When the kids moved in with us, they came with the stereotypical foster kids’ black trash bags filled with crappy, stained, too-small clothes, and a lot of broken toys.

We replaced almost everything. It was our pleasure to do so.

While they lived here, I never left the house without returning home with something for them. Often I didn’t make a big deal of it, tucking whatever I’d bought into their toy box, drawers, or bookshelves (so many books!) for them to run across later. I didn’t want to try and buy their love and certainly didn’t want them to become spoiled, but I really wanted them to have nice things.

Now, after all these months have passed, I am finishing up what I think will be one of our most important gifts to them.

Life books.

Life books are generally scrapbooks that tell the kids’ life story as best as it can be pieced together.

Their previous foster mom agreed in her ISP to maintain life books for them each of the 18 months they lived with her.

The kids came to us with nothing.

In fact, after the kids moved in with us, I asked her to please make me copies of the photos she’d taken of the kids so I could start the life books myself.
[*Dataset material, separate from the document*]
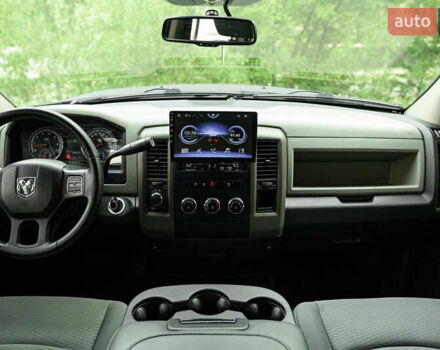 Чорний Додж RAM 1500, об'ємом двигуна 5.7 л та пробігом 69 тис. км за 35000 $, фото 13 на Automoto.ua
She stated that she didn’t know how to do that, though I was welcomed to take the memory card from her camera and have them made myself.

She DID, however, know how to upload all those photos to her Facebook page, which is strictly against foster parent rules, by the way.

She simply didn’t want to pay the few dollars that it would have cost to have the photos printed.

Shameful.

As it was, I simply swiped the pictures off of her FB page and printed them out myself. There were probably only 20 photos each of the kids, but they were certainly better than nothing.

I then worked with birth grandmother who provided me stacks of photos from the kids’ earliest years.

I researched online and found photos of the kids’ sisters whom they have never met.

I found additional photos of the kids that birth father had put online from the one time he visited with them while they were in foster care.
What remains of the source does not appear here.